Ce Samedi 4 Février restera une journée noire dans l’histoire de la civilisation humaine. L’ONU vient de montrer son impuissance. Il n’y a rien à faire, une dictature reste une dictature et les dictateurs se soutiennent. C’est ainsi que la Russie de Poutine et la Chine de Hu Jintao, contempteurs de la liberté des peuples, refusent obstinément toute condamnation du crime contre l’humanité perpétré par Bachar al-Assad en Syrie. On peut se demander quelles sont les raisons de cette ignoble obstination. De quoi peut avoir peur un dictateur, si ce n’est que de se faire renverser par son peuple et de perdre le pouvoir et, peut-être, la vie ? Tous les dictateurs du monde se sont ainsi comportés.
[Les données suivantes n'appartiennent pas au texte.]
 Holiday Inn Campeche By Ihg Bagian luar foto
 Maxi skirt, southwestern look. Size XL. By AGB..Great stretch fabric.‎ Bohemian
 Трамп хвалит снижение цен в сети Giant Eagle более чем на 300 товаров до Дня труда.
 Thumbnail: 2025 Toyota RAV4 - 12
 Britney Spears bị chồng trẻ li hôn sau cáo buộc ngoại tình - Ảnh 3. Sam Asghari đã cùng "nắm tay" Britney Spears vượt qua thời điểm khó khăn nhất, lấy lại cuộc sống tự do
Pourquoi en serait-il autrement pour le russe et le chinois ? Les révoltes arabes, même si celles-ci ne sont pas ce que le monde espérait, montrent qu’un peuple peut venir à bout de son tyran. Après la Tunisie, la Lybie, l’Egypte, la Côte d’Ivoire, le renversement du dictateur sanguinaire syrien, digne fils de son père, apparaît aux tyrans comme la ligne rouge dangereuse et impossible à franchir sans prendre le risque de voir surgir une contestation analogue des dictateurs russe et chinois. Le russe s’inquiète des répercussions possibles de la libération des peuples arabes sur la contestation en Tchétchénie, au Daguestan, en Ossétie du Nord, en Carélie, voire en Mongolie. Le chinois craint la même chose pour le Tibet. C’est donc la peur qui pousse ceux-ci à s’opposer à toute condamnation du bourreau Assad et à mépriser, du haut de leur morgue, le reste du monde et la vie des citoyens syriens. L'acceptation des massacres par des arguties inacceptables permet au russe de préserver son commerce des armes avec la Syrie du dictateur et l'approvisionnement en pétrole du chinois. La démocratie n’est pas sans reproche, mais le cynisme des dictatures fait vomir. L’histoire retiendra que Poutine et Jintao ont été les complices objectifs du massacre du peuple syrien en état de déréliction. Mais faisons un pari. Il n’existe aucun thaumaturge et le réalisme économique empêchera le reste du monde à prendre des mesures coercitives envers ces deux dictateurs.